Discussion:
[UrJTAG-dev] automatically generated interconnection test
Marco Behr
2016-03-28 18:00:50 UTC
Permalink
Hello,

Are there any activities regarding an automatically generated interconnection
test (for finding shorts/opens in a circuit) which uses UrJtag?

I am using a commercial tool (Goepel electronics) for boundary scan tests in
the company. Then I began looking for a non-commercial / open source tool
which can do the same (with an low-cost hardware platform) so everyone at home
can use it also. Soon I found UrJtag and OpenOCD as two possible platforms but
neither one has a working implementation of this kind of test.

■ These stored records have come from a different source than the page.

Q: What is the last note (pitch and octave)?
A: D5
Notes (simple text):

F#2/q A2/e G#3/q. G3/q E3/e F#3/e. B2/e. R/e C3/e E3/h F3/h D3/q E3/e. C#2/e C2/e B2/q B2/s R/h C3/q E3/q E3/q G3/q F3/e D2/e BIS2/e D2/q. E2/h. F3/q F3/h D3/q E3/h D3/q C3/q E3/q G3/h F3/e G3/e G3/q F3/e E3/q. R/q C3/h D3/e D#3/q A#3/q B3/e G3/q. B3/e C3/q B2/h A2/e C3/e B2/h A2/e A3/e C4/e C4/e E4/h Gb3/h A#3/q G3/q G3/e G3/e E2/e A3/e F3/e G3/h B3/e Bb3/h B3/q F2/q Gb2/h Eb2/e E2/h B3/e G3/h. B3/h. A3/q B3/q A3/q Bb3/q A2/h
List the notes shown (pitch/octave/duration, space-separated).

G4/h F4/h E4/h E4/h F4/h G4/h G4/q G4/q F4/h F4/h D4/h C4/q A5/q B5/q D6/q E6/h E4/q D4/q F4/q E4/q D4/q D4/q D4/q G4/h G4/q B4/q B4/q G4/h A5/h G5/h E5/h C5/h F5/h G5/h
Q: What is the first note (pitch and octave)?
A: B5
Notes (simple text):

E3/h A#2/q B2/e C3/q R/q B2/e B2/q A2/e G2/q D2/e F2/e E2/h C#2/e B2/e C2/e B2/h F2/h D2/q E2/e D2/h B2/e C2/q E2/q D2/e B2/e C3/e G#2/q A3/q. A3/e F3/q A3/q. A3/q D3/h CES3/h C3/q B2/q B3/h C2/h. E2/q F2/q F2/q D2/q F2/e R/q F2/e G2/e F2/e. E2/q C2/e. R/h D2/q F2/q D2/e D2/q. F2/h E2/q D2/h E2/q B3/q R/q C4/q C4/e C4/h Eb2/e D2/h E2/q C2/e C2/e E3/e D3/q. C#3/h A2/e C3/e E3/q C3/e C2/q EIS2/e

In fact, UrJtag seems more convenient for adding such a function:
- a working BSDL subsystem exists
- a signal structure exists with commands for driving and testing digital
values which can be extended by attributes defining the testability of these
nets (Are other drivers connected to these nets? Are pull-resistors connected?
...)

I would like to know if there is interest in adding such a function or if
there are already some ideas on how this should look like? Are there any
solutions on the internet which I haven't found looking for it?

I have some experience with the commercial solutions and I am ready to spend
some time in implementing a kind of interconnection test. Maybe I will be
doing this as part of my master thesis, but the main goal should be to make
this functionality available to the public.

marco
Tim Ansell
2016-03-29 04:34:10 UTC
Permalink
Hi Marco,

Firstly, I'm not a urjtag developer - I've just used it a bunch.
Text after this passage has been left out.